役との共通点は「人付き合いが苦手なところ」
──『忌怪島/きかいじま』(2023)は、『恐怖の村』シリーズに続く清水崇監督の最新作で、古来の怨念が眠る島を舞台に、現実と仮想空間が交わり始めたことで生まれる恐怖を描いた画期的なホラー映画です。出演オファーがあったときのことを教えてください。
僕はめっちゃビビリなので、出演依頼には本当に驚きました。清水監督とは以前、バラエティ番組でご一緒したことがありましたが、監督のホラー映画に主演することになるとは。本当に「まさか!」という感じです。

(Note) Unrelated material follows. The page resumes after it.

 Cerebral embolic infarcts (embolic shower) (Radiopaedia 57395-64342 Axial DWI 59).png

でも清水監督は恐怖映画の第一人者ですから、光栄なことですし、驚きと同時にうれしさもありましたね。なにわ男子のメンバーも「楽しみ」と言ってくれています。とはいえ「悪い霊とか連れて帰らんといてな」とも言われましたけど(笑)。
──西畑さん演じる片岡友彦は天才脳科学者です。非科学的なものを信じない理系男子ですが、ご自身と共通点はありましたか?
友彦と似ていると思ったのは人づき合いが苦手なところです。僕も実はあまり得意ではないので。

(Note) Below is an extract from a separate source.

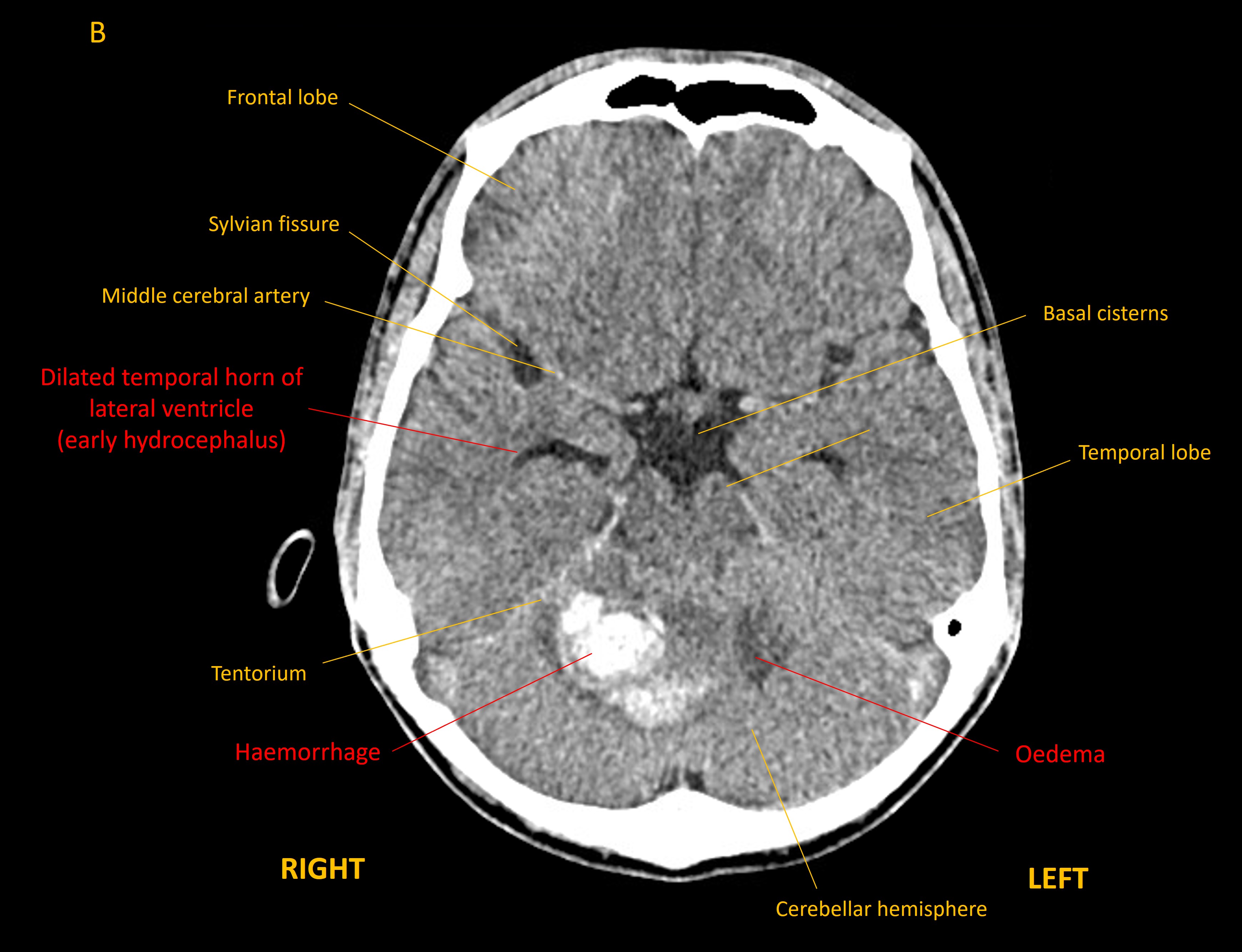 Axial CT brain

ただ、友彦は難しいタイプに見えて、実は素直な一面もあるんです。得意の脳科学の知識を披露して、周囲の人に「すごい」と思われることを喜んでいたり。人に褒められるとうれしい気持ち、僕もよくわかります。僕は褒められることを常に求めて生きている人間ですから(笑)。
──現実に友彦が存在したら仲よくなれそうですね。
それは無理かもしれません(笑)。彼の人づき合いの悪さは僕以上ですから。そもそも挨拶しても無視するような男ですよ。そんなことされたら、僕の心は折れてしまいます。
──脳科学者としての役作りは大変でしたか?
脳の構造とか、大脳、小脳や脳内の各部位の名称など勉強して臨みました。でも撮影を終えたいまとなっては、まったく覚えていません(笑)。
──撮影はいかがでしたか? 清水監督のアドバイスなど印象に残っていることがあったら教えてください。
清水監督の恐怖描写へのこだわりがすごくて圧倒されました。カメラワークも凝っているし、叫び方もいろんなパターンがあるんです。
友彦は科学で立証できるもの以外は信じないので、心霊現象もまやかしだと思っているのですが、それでも人間は本能で恐怖を感じたときに必ず反応します。例えば誰もいないはずなのに背後に気配を感じたら恐いとか。監督からは、そういう何気ない恐怖を感じる演技を求められました。
恐ろしくて思わず叫ぶシーンでも、いきなり「ギャー」と大声で叫ぶのではなく、じわじわと恐怖を感じて「うわ、うわ……ギャー」みたいに、次第に叫びにつながっていくようにと細かくアドバイスいただき、とても勉強になりました。
──海の中に引き込まれたり、ずぶ濡れになったり、肉体的にハードなシーンもありましたね。
海のシーンは大変でした。ロケ地の奄美大島は天候が変わりやすいし、潮の満ち引きも激しくて、体力を奪われました。肉体的には一番大変やったかなあ。